Here are five things to consider when choosing a data catalog:
In order to derive the most insight from your data, you’ll need to have usage information around top users, popular schemas/tables/columns, and joins/filters that harness the power of the community for data curation. Much of this information can be crowdsourced, just as in consumer catalogs. Look for a data catalog that leverages the lessons learned from Yelp, giving end users the ability upvote/downvote data assets and a sense of where the data came from, indicating whether or not it can be trusted. Wikipedia’s ability to be self-documenting, improving the quality of sourced data over time, can also help you achieve more trust in your assets. While Pinterest and YouTube provide a method for saving and sharing a list of items with like-minded individuals.
Data curation is the process of managing data in a way that enables data discovery and retrieval, helps maintain data quality, allows users to derive insights, and provides for re-use across a broad spectrum and number of users.
- Native Integrations (BI & Data Sources)
Today’s organizations are challenged with having to keep up with what can sometimes feel like an overwhelming number of data sources. Your data may be coming from a data warehouse, a data lake, or any number of additional inputs. A data catalog can normalize all of these sources and provide a single source of reference for all of your enterprise data, creating an inventory of your data and a single place to access all of your data assets.

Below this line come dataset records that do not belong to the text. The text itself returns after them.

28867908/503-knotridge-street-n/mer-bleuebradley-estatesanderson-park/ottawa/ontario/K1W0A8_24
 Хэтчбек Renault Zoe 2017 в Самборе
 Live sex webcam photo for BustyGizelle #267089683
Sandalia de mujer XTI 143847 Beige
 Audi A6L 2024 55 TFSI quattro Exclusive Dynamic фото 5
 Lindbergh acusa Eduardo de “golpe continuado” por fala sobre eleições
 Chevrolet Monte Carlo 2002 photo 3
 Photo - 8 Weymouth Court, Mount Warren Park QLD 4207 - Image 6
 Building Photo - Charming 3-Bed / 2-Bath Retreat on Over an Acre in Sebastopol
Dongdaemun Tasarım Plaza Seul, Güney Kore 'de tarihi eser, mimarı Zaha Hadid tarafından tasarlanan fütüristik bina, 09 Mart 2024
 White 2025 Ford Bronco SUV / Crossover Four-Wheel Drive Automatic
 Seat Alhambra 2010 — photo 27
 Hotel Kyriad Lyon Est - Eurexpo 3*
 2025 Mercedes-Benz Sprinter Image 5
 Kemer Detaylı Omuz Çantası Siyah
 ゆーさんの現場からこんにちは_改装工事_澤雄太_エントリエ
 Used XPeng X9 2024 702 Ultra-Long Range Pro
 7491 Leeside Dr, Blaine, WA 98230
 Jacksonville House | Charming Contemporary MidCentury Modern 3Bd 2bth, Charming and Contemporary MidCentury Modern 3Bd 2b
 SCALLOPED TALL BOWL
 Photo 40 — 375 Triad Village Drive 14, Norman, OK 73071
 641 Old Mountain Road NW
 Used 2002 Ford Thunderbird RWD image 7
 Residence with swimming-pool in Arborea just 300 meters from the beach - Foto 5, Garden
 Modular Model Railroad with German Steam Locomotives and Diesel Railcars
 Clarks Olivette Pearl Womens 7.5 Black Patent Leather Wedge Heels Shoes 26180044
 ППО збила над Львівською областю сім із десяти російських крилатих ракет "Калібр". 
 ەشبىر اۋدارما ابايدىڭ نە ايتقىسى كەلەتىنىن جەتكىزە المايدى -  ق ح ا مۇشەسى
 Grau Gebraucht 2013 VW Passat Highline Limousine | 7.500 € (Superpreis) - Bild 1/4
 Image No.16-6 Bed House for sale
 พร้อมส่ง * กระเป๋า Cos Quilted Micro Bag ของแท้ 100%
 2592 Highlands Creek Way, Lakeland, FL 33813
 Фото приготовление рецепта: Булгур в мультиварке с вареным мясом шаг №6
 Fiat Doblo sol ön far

A data catalog should also be able to connect to the business intelligence (BI) tools you are using. Make sure that the data catalog you choose has native connectors built into the platform and supported by the platform itself. Otherwise, you’ll be stuck integrating, testing, and validating these integrations yourself. Native integration means that there are no additional tools required to setup, maintain, or ensure compatibility with different versions. Support comes from a single vendor and there is typically no additional cost to add integrations.
The ability to connect to these sources and ingest data is the bare minimum needed. Support for native workflows and tight integration between products is essential and you should consider whether the data catalog provides additional features such as the ability to surface error notifications or provide lineage.
- SQL Query Log Analysis
Part of the context that a data catalog can provide comes from the ability to parse a usage log and track the behavior of people that are accessing the data sets. At a bare minimum a data catalog should provide metrics as to how many times a data set has been queried and by whom. Ideally, you’ll choose a data catalog that provides behavioral statistics such as which schemas, tables, columns, filters, joins and queries are the most popular. Some data catalogs also surface machine learned usage patterns along with the technical metadata to provide a more complete picture. Look too, for the ability to trace the lineage of the data. Lineage is important because it can show you all of the steps in the data pipeline that might have an impact on analysis. the ability of a data catalog to add lineage can contribute greatly to the speed and accuracy of the analysis.
- Simple SQL Access
In order to enable self service analytics for business users, it is necessary to provide them with tools that don’t require a lot of training or technical knowledge. A modern data catalog lets users immediately begin to write queries in Standard Query Language (SQL) and can make “smart suggestions” that guide users to the best filters and joins, popular columns, and more. Data analysts or stewards can write and save queries for use by less technical users. scaling data discovery across an organization.
- Search and Discovery
One of the intended goals of any data catalog is to make it easier for users to derive insights from their data. Data discovery is more valuable when it is available to everyone in an organization who needs to work with data. When a data catalog is developed as an add-on to an existing governance product, it may lack the ability for business users to get the true benefits of data discovery. Data discovery may be limited to users that are in governance roles rather than the rank and file users that are performing self service analytics. A modern data catalog doesn’t just support compliance, it enables governance-for-insight, a more agile approach that doesn’t limit users.
As organizations learn to deal with information overload, they are finding that it isn’t so much the volume of the data that is the problem, it’s their ability to find the data they need and use it effectively. A data catalog solves these problems and others by providing a single point of reference that allows everyone from chief data officers and data stewards to less-technical business users to collaborate on data. A crowdsourced, grassroots approach to data governance is a perfect fit with the move to self service analytics enabled by visualization and BI tools.